Top Iraqi government officials are rejecting calls by a group of 300 prominent tribal leaders and other dignitaries to normalize ties with Israel.
Iraqi TV reported Saturday afternoon that Prime Minister Mustafa Khadhimi's office issued a statement calling the dignitaries' meeting Friday in the Kurdish capital of Irbil "illegal."
Arab media indicated that parliament Speaker Mohammed Halbousi and one of his deputies also rejected the call, along with Iraqi President Barham Salih.
The meeting was sponsored by the Center for Peace Communications, a U.S. peace advocacy and research group led by Joseph Braude, a Jewish American whose family fled Baghdad during the 1940s. Braude told the conference that those gathered in Irbil had made a "courageous decision."
He said he supported the efforts of leaders from six Iraqi provinces — Baghdad, Anbar, Mosul, Salahedin, Babil and Diyala — who their desire to enter into the framework of the Abrahamic accords (between Israel and the United Arab Emirates, Bahrain, Sudan and Morocco).
'Sign of things to come'
Wissam Hardan, a Sunni tribal leader, told the conference that Iraq's federal system permitted different regions to express their support for normalizing ties with Israel.
He said that given Iraq's federal system of government, various parties were expressing their desire to normalize ties with Israel and tighten relations with the Israeli people.

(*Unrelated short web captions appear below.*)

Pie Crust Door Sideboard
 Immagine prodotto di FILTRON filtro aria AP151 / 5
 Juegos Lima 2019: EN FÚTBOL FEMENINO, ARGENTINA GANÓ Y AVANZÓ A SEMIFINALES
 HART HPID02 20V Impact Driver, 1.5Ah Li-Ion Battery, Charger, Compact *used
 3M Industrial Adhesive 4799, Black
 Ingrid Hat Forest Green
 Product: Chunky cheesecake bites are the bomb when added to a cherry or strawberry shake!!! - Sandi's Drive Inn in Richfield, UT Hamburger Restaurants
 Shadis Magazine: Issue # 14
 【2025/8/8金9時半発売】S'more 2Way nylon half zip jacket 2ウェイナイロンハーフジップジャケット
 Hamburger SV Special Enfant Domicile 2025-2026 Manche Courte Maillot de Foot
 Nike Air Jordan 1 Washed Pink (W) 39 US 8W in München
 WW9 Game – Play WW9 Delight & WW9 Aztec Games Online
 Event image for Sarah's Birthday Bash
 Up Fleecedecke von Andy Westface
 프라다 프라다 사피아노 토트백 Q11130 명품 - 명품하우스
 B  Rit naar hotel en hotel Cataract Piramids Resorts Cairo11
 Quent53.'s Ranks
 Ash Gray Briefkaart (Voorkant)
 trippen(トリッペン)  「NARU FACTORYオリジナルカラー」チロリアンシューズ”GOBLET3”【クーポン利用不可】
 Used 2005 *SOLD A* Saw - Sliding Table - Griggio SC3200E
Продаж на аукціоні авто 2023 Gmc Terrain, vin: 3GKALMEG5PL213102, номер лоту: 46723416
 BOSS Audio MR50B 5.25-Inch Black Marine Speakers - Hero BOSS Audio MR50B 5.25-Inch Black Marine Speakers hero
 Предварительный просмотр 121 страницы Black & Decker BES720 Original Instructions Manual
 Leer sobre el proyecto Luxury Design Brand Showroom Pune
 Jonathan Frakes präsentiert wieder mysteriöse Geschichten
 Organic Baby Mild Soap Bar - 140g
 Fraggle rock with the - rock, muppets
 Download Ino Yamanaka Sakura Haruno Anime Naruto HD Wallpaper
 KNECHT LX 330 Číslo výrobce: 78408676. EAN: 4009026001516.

Paul Sullivan, a Washington-based Middle East analyst, told VOA that "the meeting in Irbil to discuss Iraq improving ties with Israel caused an uproar in Baghdad," but that it "could be a sign of things to come. It could be an indication that the views on Israel are changing in some quarters of Iraq."
Sullivan added that the Kurds, who hosted the Friday conference, "have always been more open to Israel than other populations in Iraq."
Several Kurdish leaders backtracked on the conference after hearing of opposition from Baghdad, however, claiming that they weren't aware of the nature of the conference and that its organizers had misled attendees about its intent.
Saudi-owned Al Arabiya TV, which covered the meeting, suggested that it might have been intended "to test the waters inside Iraq for public reaction to normalizing ties with Israel."